Worse, the limited evidence available is increasingly compromised by premature and contradictory flows of ‘information’ to a sensationalist and ignorant media, both through official releases and an unceasing trickle of motivated ‘leaks’. In this, every line of tentative investigation is reported as ‘fact’ — and such ‘facts’ are often officially undermined by contrary, and equally preliminary, claims by other agencies, especially in crimes that have ramifications and linkages across multiple State boundaries. These apparent contradictions, which may be entirely explicable within a rational framework of analysis and investigation, have the potential to undermine eventual prosecutions, as defence lawyers cite these as evidence of inconsistent and unsustainable evidence.

Two recent cases — the Batla House encounter and the present Malegaon investigations into the ‘Hindu terror’ network — graphically illustrate all that is wrong with existing terrorism investigations. In both, the police claim they have the right suspects in hand; in both, however, premature disclosures and the absence of concrete and technical evidence, compounded by conflicting disclosures by diverse agencies, have tended to undermine public credibility.
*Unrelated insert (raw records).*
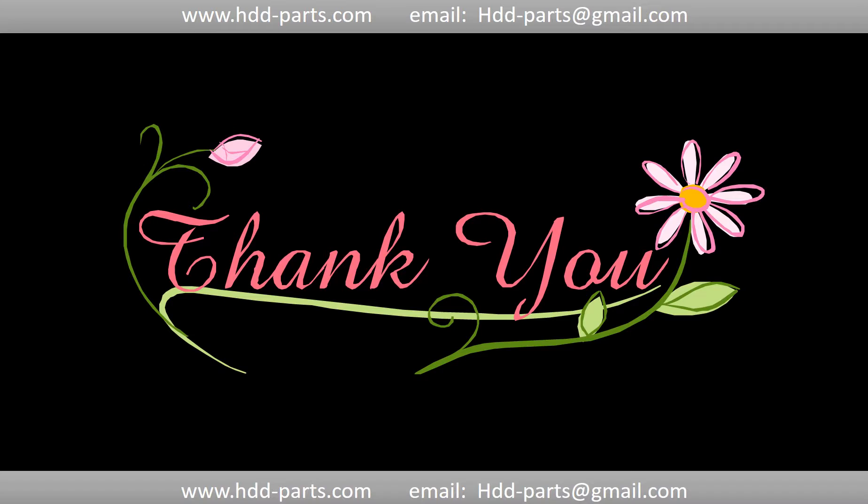Thank you so much for taking your precious time to watch my video. Any comments are really appreciated. If this video was a little bit of help, could you please click like to support me? Thank you again.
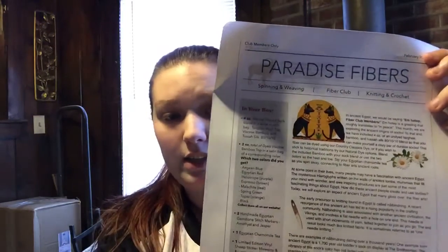In the box on the side right here is the itinerary — it's the list of what's in your box. It says there's four ounces of natural undyed sock blend with a white muslin bag: tarhee wool top, viscose bamboo, and Tessa silk. According to the numbers, it's about 80% tarhee wool top, 10% bamboo, and 10% Tessa silk.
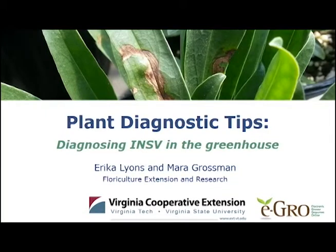Hello, my name is Erica Lyons and I'm here with Merrick Grossman and we are graduate students in the Department of Horticulture at Virginia Tech. Today we're going to be talking with you about how to properly diagnose INSV in the greenhouse.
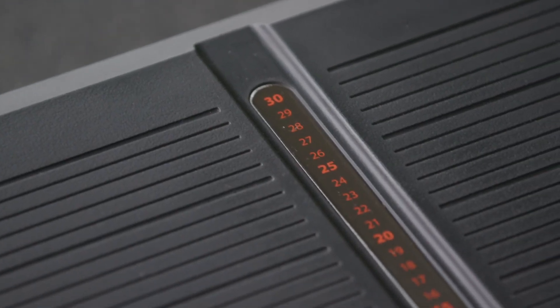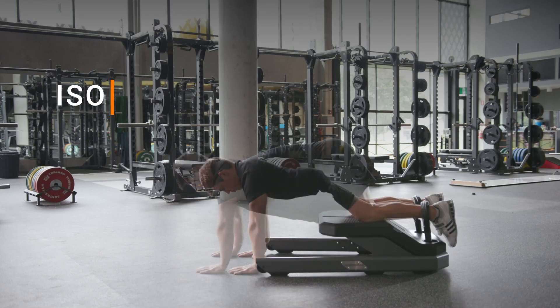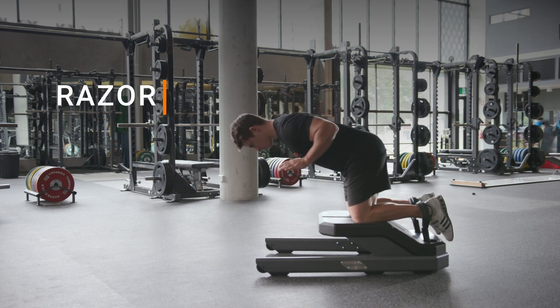With its easy-to-use and portable design, the NordBoard supports a range of positions and exercises to repeatably test and train isometric and eccentric hamstring strength.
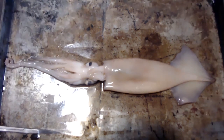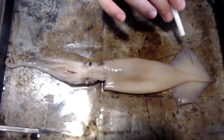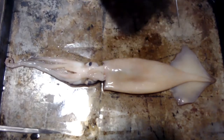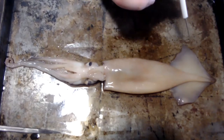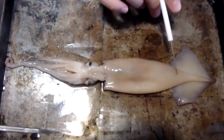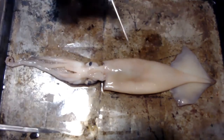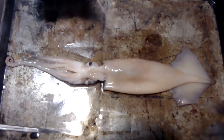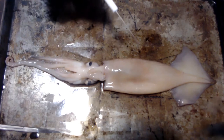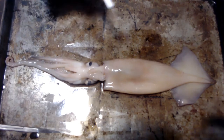Let's look at our posterior side right here. This is where the mantle is, and these are where our two fins are. These fins are what help the squid move in different directions — forward, backwards, side to side. And we have our mantle here. This is where all the major organs are — the vital organs, the hearts, all that jazz.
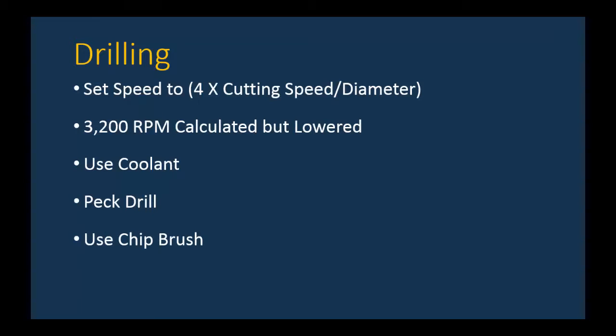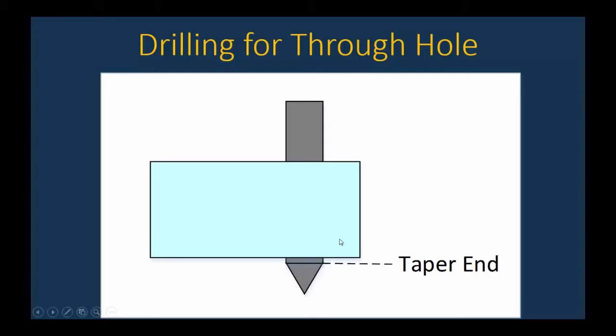If chips get clogged on the drill, use a chip brush — never put your hand near a spinning tool or drill. Make sure the entire taper at the bottom of the drill goes past the bottom of the part. The full-diameter portion of the drill must make it all the way through, otherwise you won't have the full diameter of the hole at the bottom of the part.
The situation is worsened with agencies overreaching themselves to tie up current investigations with a range of high profile unsolved cases, often on the most tenuous of evidence.
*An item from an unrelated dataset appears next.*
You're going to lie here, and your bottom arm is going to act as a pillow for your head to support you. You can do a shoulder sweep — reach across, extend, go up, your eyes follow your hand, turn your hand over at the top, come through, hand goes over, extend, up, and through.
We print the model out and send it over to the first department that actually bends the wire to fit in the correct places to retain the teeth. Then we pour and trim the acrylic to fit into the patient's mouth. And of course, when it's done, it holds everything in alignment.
It is not the intention, here, to make any evaluation of the evidence in either of these cases. The full quantum of evidence is only available to the investigators at this juncture, and no outside agency has the competence or access to second guess investigators or pronounce judgement at this juncture. What is clear, however, is that police disclosures and conduct have created the spaces for, and contributed directly to, widespread politicisation of both cases.
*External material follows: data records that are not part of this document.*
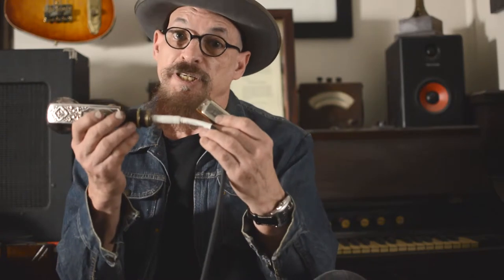You just plug it in right there, and you can plug it into an amp, or into a PA, or a direct box, or a preamp, depending on how loud you want to get it.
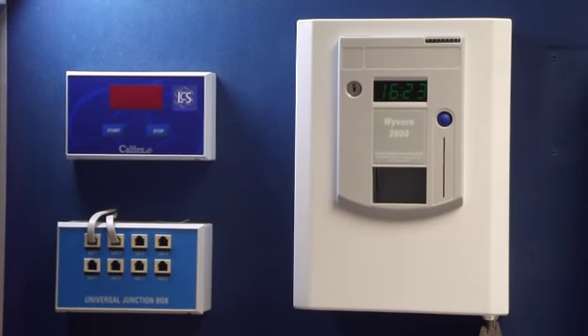I want to set a maximum time that my customers can have to 12 minutes. Can you tell me how to do that? Yes, you need to set the lockout option.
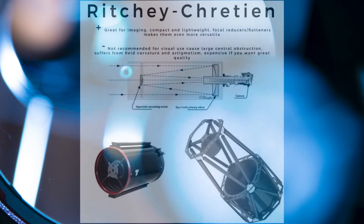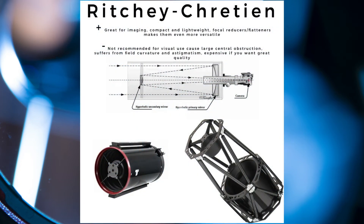The Ritchey-Chrétien telescope is a variant of the Cassegrain telescope. It uses hyperbolic mirrors both in the front and back, which makes them more expensive than other reflectors of equivalent aperture. This leads to increased optical performance as coma is nearly eliminated, but instead they suffer from another aberration called astigmatism, which appears as stars having wings in the corners. These telescopes are excellent for serious deep sky astrophotography. The folded optics makes them compact and lightweight, and they are affected by very few aberrations, making them great for research. The cons: they are not recommended for visual use because of the large central obstruction. Even though they are coma-free, you still need a field flattener due to field curvature, and they can be expensive for good quality compared to the others.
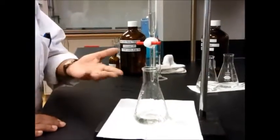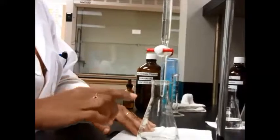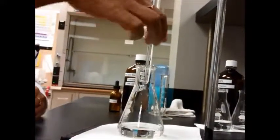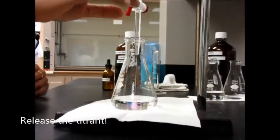When you're ready to do your titration, go ahead and place the Erlenmeyer flask underneath the burette tip. Make sure the burette tip is going inside the flask, then release the liquid — add the solution.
In an ideal world, this would have no impact whatsoever on the investigative process or outcome; but conditions in India are anything but ideal. With major political formations aligning themselves — directly or implicitly — with the accused in both cases, the integrity of future investigations and prosecution is under explicit threat: Charges may, in the foreseeable future and under changing political dispensations, be diluted; evidence can be fudged; case files may disappear; the stage may well be set to get the accused off the hook.

But infinitely worse is the fact that deep and pervasive doubts have been sown in the wider public — especially among elements who share the bias of their communal affiliations. Once again, in a society with a high quotient of respect for and implementation of the rule of law, this would be irrelevant. In India, however, this is crucial. Whatever the outcome of these cases, there will be a substantial community that will remain convinced that injustice has been done — and the incoherence of the case currently being made by official agencies through the media will be cited as ‘incontrovertible’ evidence. This does not just undermine the legitimacy of the outcome in these particular cases alone; it undermines the legitimacy of the state at large. An enveloping sense of injustice consumes communities today, and is the seed of much political violence in the country.

Police officers in India have long been given a raw deal and the police have been subjected to a sustained and vicious process of class denigration from all quarters. Under the circumstances, the desire to parade their successes, to seek public reaffirmation through selective disclosures to the media, is natural and understandable. But it is proving deeply counter-productive, at once, for their own dignity, and for the larger objective of justice administration and counter-terrorism.